* [What you need to do]: Which lines run from the one containing "Desirèe galgo femmina" to the end of the material below? Copy them exactly, pictures excluded.

[Entries supplied — start]

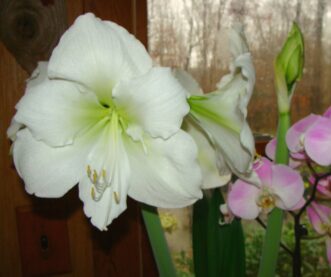 The White Christmas Amaryllis (Hippeastrum 'White Christmas') flowers have pure white petals and a light green throat.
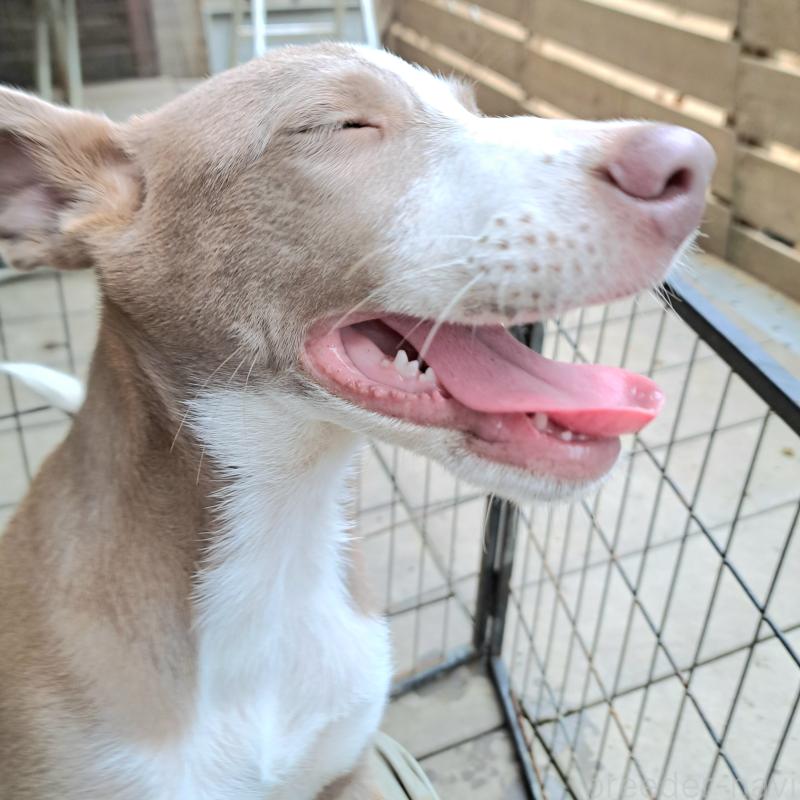 販売中の千葉県のミックス犬-406839の2枚目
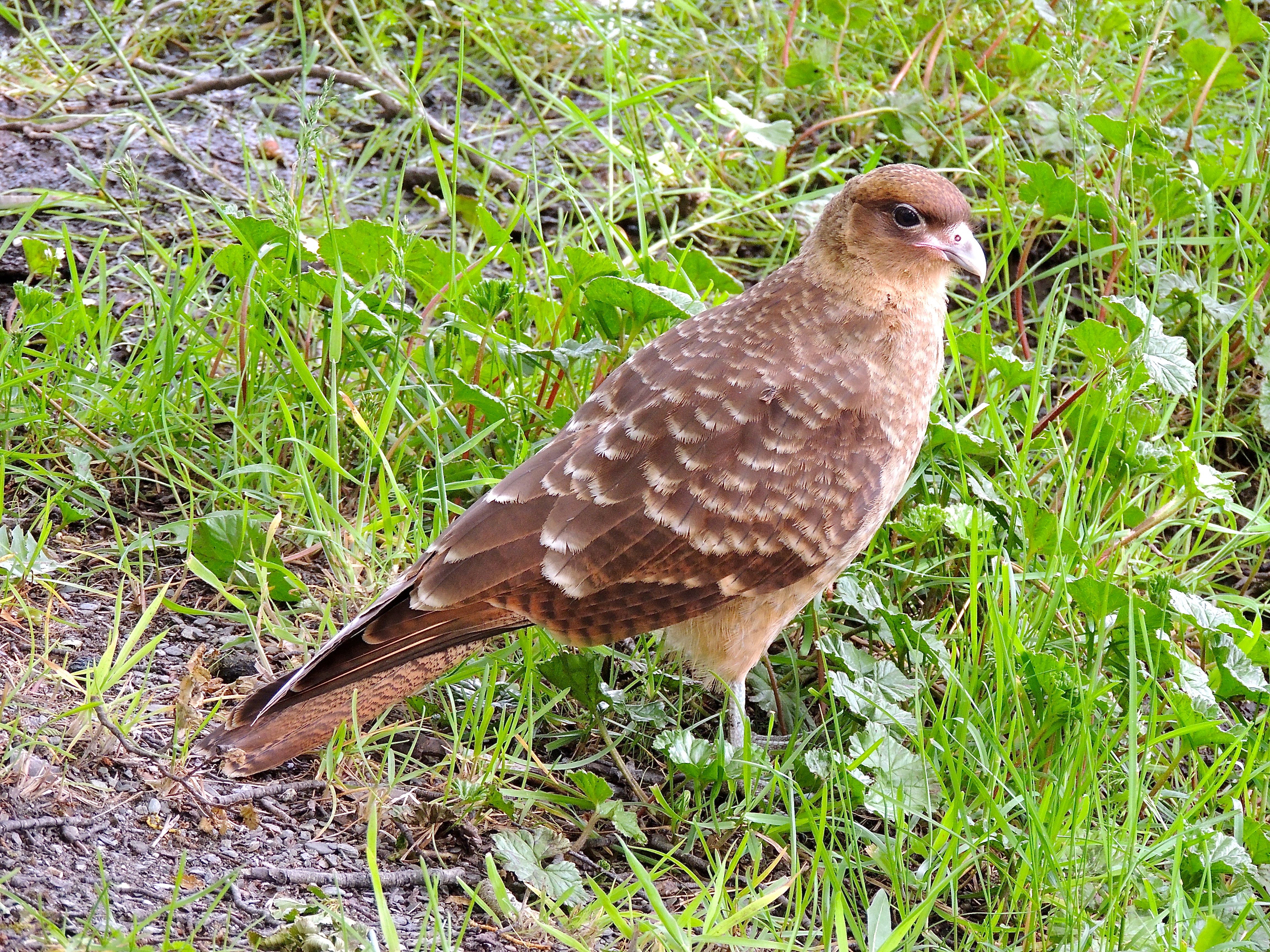 Chimango Caracara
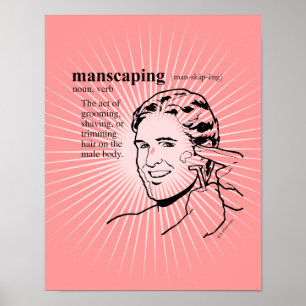 MANSCAPING POSTER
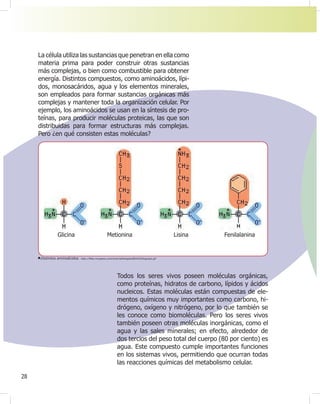 28
La célula utiliza las sustancias que penetran en ella como
materia prima para poder construir otras sustancias
más complejas, o bien como combustible para obtener
energía. Distintos compuestos, como aminoácidos, lípi-
dos, monosacáridos, agua y los elementos minerales,
son empleados para formar sustancias orgánicas más
complejas y mantener toda la organización celular. Por
ejemplo, los aminoácidos se usan en la síntesis de pro-
teínas, para producir moléculas proteicas, las que son
distribuidas para formar estructuras más complejas.
Pero ¿en qué consisten estas moléculas?
Todos los seres vivos poseen moléculas orgánicas,
como proteínas, hidratos de carbono, lípidos y ácidos
nucleicos. Estas moléculas están compuestas de ele-
mentos químicos muy importantes como carbono, hi-
drógeno, oxígeno y nitrógeno, por lo que también se
les conoce como biomoléculas. Pero los seres vivos
también poseen otras moléculas inorgánicas, como el
agua y las sales minerales; en efecto, alrededor de
dos tercios del peso total del cuerpo (80 por ciento) es
agua. Este compuesto cumple importantes funciones
en los sistemas vivos, permitiendo que ocurran todas
las reacciones químicas del metabolismo celular.
Distintos aminoácidos. http://¿les.myopera.com/tutoriabiologiaUBAXXI/blog/aas.gif
Glicina Metionina Lisina Fenilalanina
 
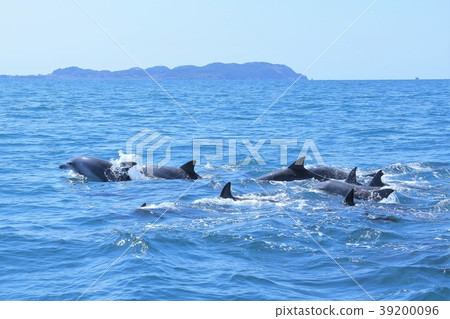 Amakusa dolphin watching 39200096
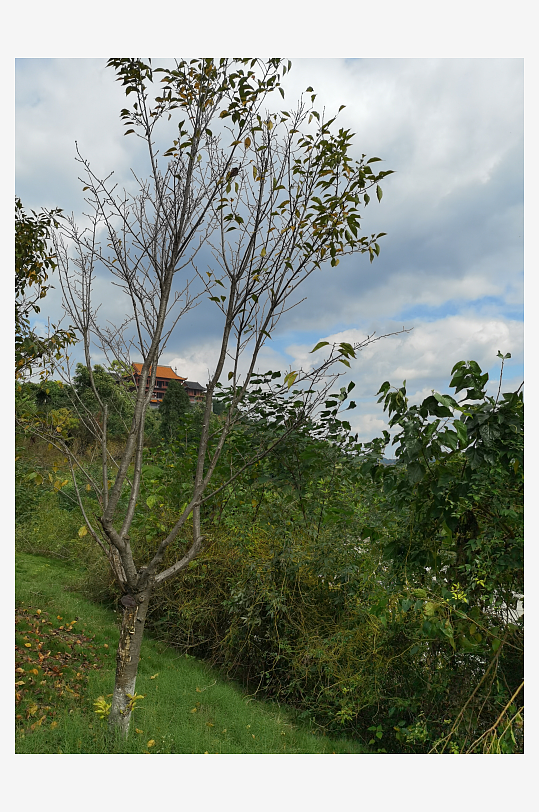 清新宜人的林间风光-众图网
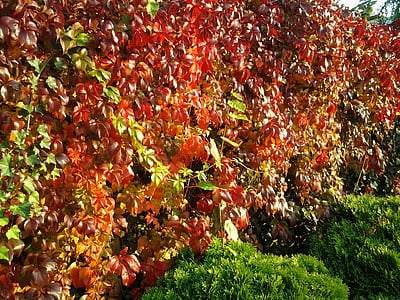 foglie, fogliame di caduta, vino, si intrecciano, Edera, rosso, natura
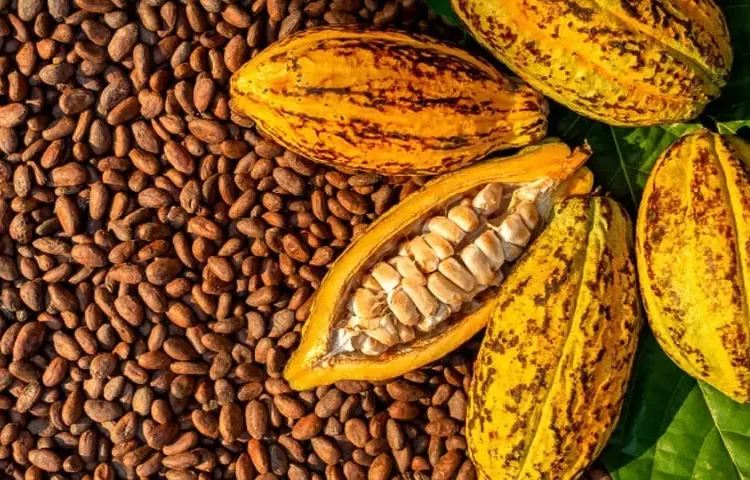 Agric Ministry, NEPC Join Stakeholders to Strengthen Cocoa and Coffee Industries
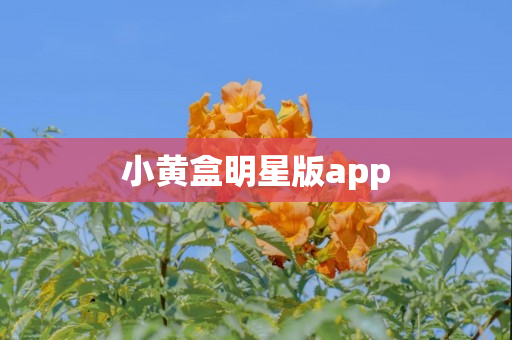 小黄盒明星版app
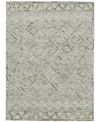 AMER RUGS BERLIN PARSALL 2' X 3' AREA RUG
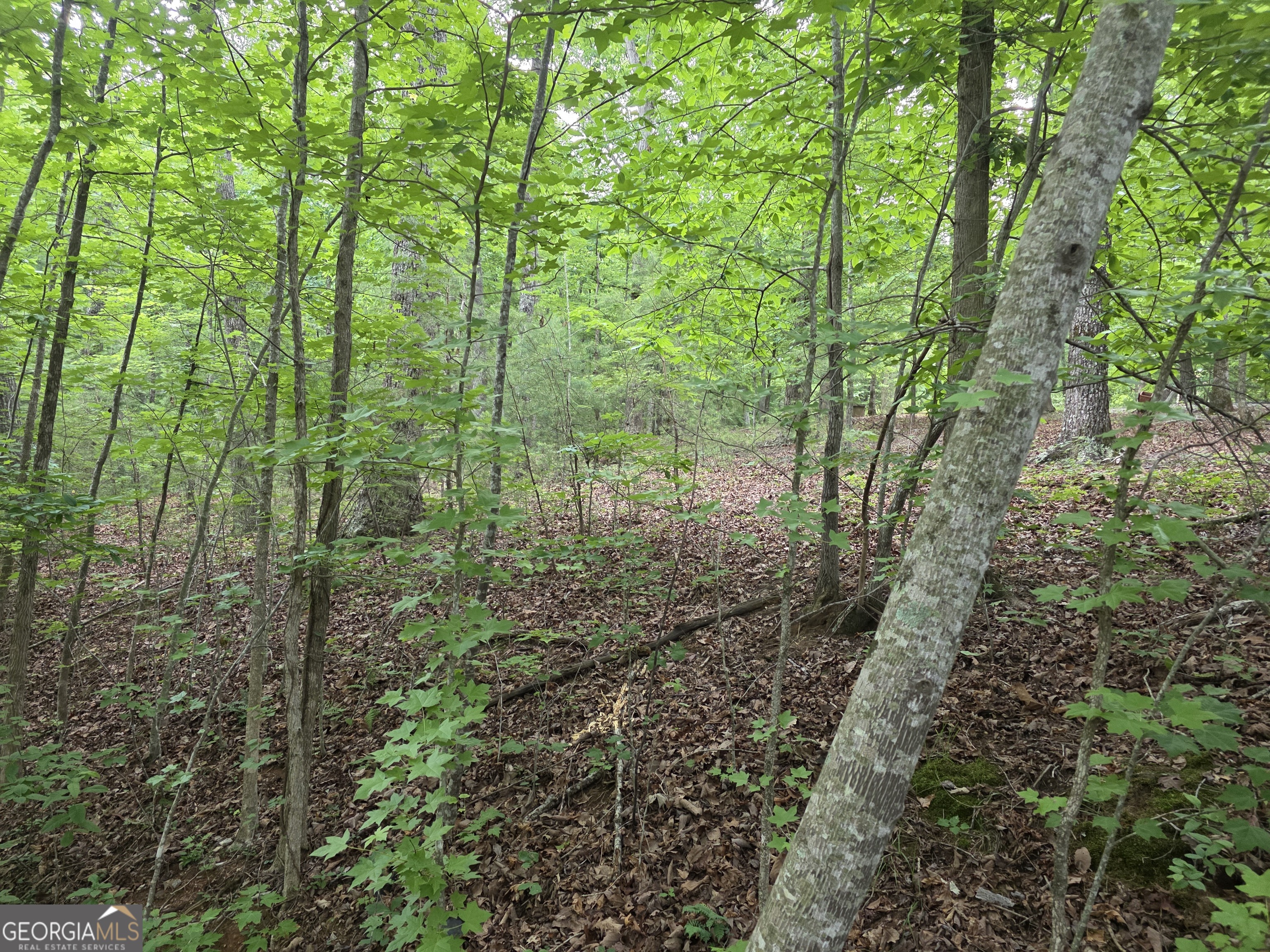 2 LOTS Oak Forest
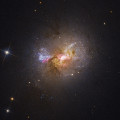 In het heldere centrum van het dwergsterrenstelsel Henize 2-10 houdt zich een zwart gat van een miljoen zonsmassa’s schuil, dat de vorming van talrijke jonge sterren mogelijk heeft gemaakt. © NASA, ESA, Zachary Schutte (XGI), Amy Reines (XGI)
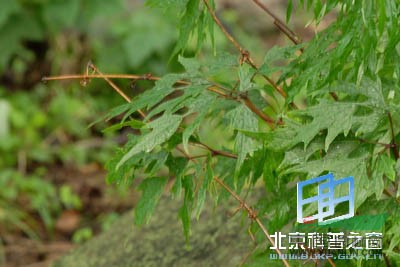 深裂山葡萄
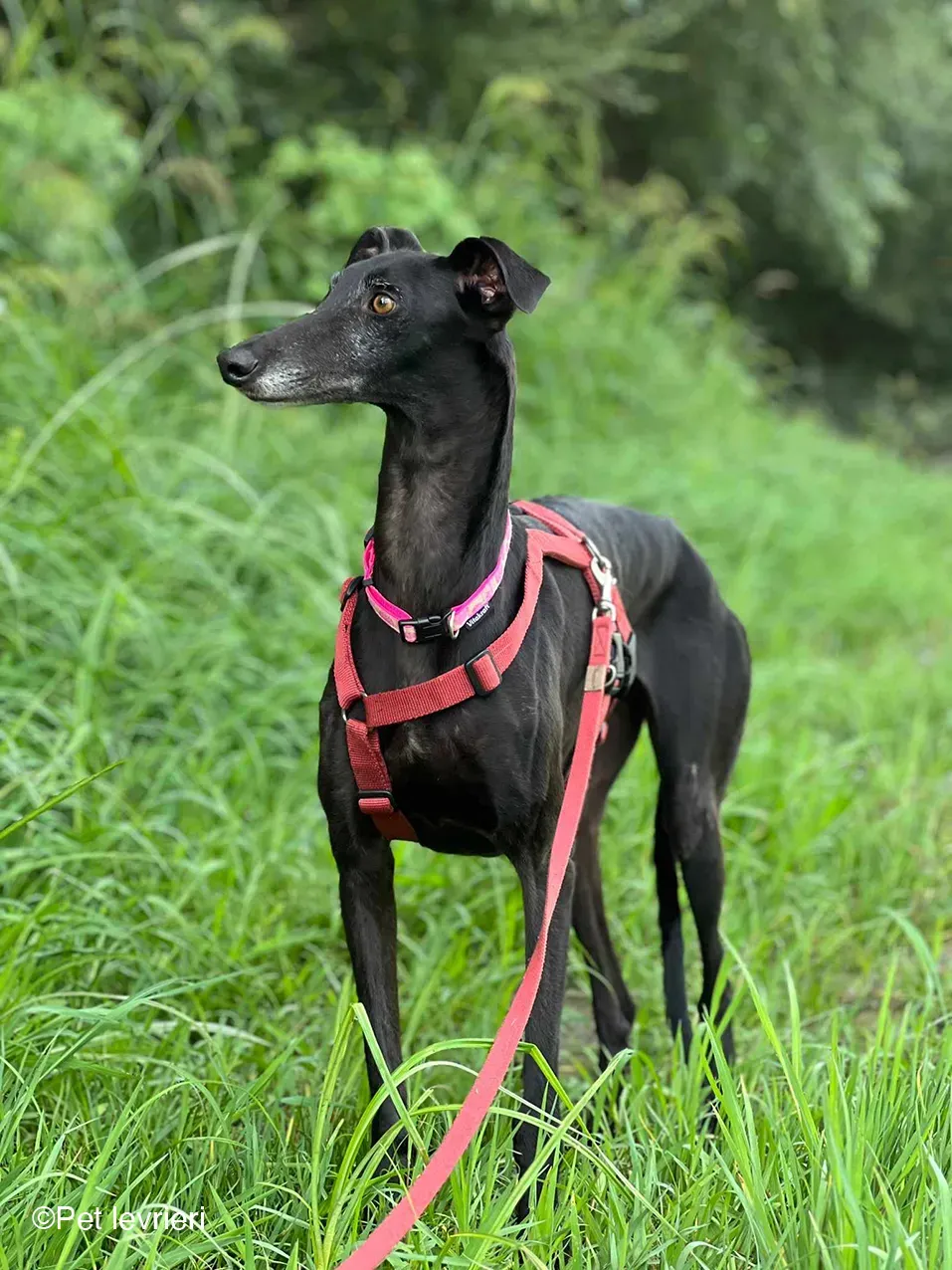 Desirèe galgo femmina dog blackdog foster 17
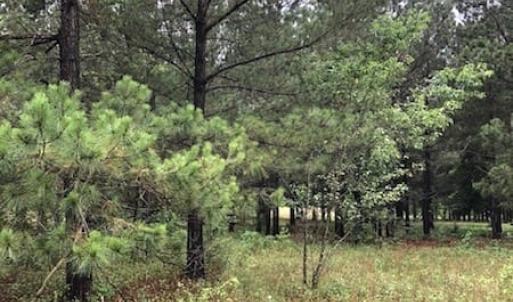 Photo of UNDER CONTRACT!  41.34 Acres of Hunting Land For Sale in Robeson County NC!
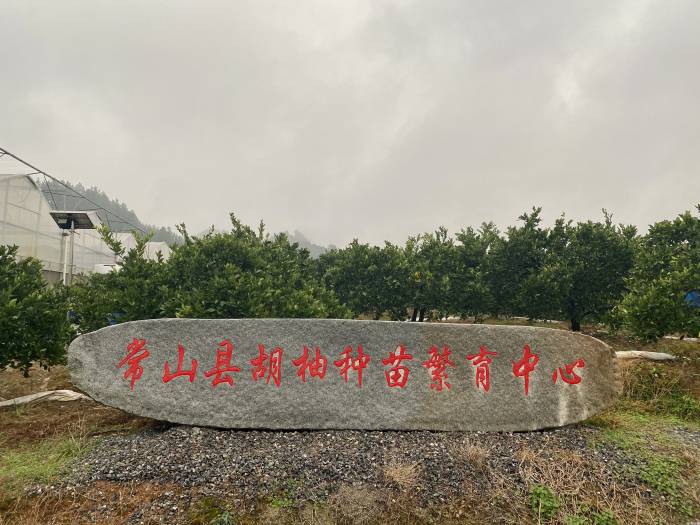 浙江常山：“一只果”赋能一座城(图5)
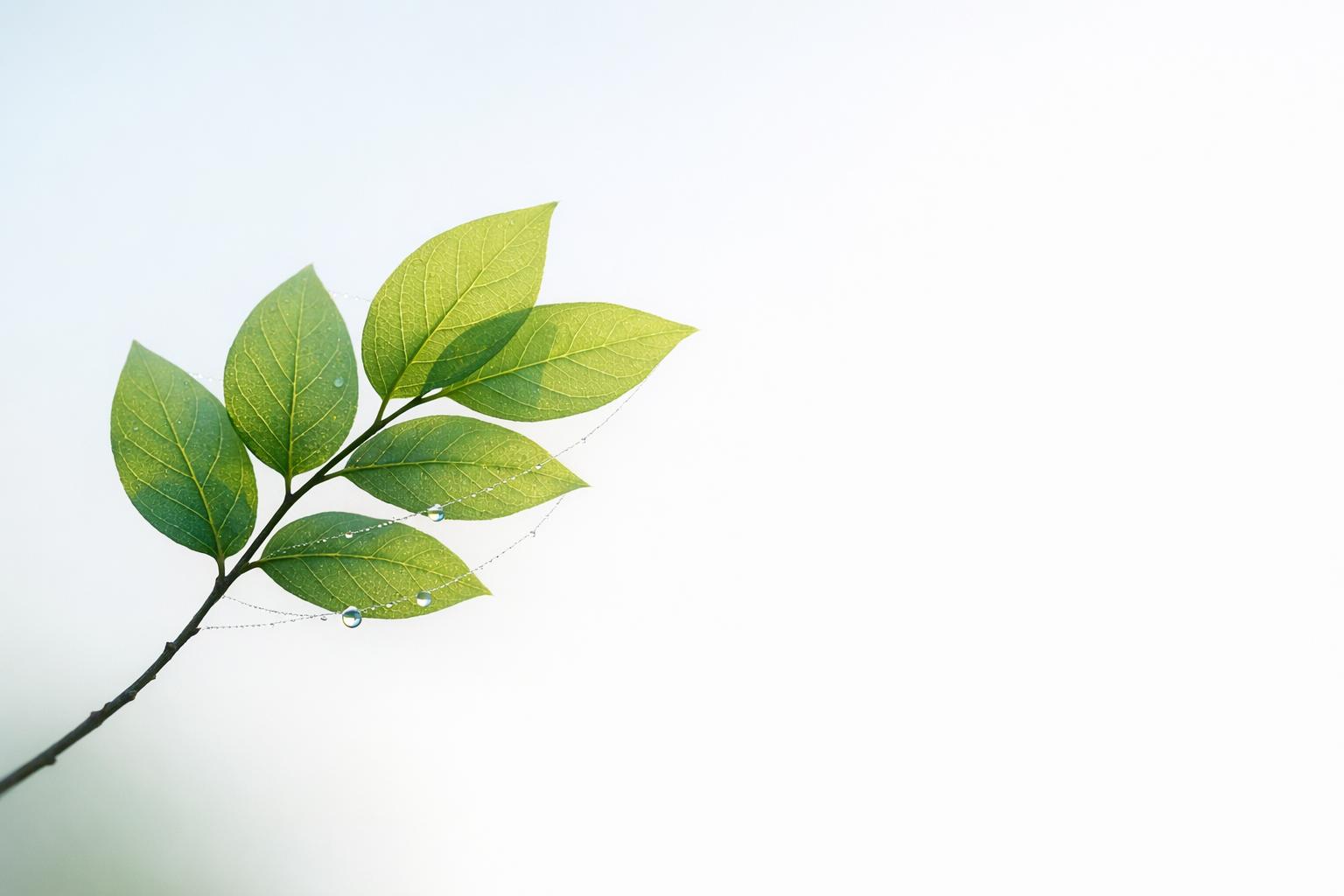 Thumbnail for: Microservices Governance for Low Code Platforms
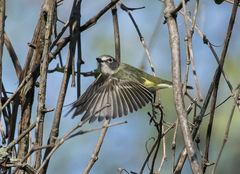 Blue-Headed Vireo photo 5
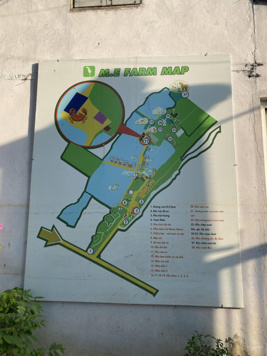 Bán 1000m2 đất Thanh Trì mặt đường xe container tránh chỉ 2.3 tỷ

[Entries supplied — finish]

* [Expected answer]:
 Desirèe galgo femmina dog blackdog foster 17
 Photo of UNDER CONTRACT!  41.34 Acres of Hunting Land For Sale in Robeson County NC!
 浙江常山：“一只果”赋能一座城(图5)
 Thumbnail for: Microservices Governance for Low Code Platforms
 Blue-Headed Vireo photo 5
 Bán 1000m2 đất Thanh Trì mặt đường xe container tránh chỉ 2.3 tỷ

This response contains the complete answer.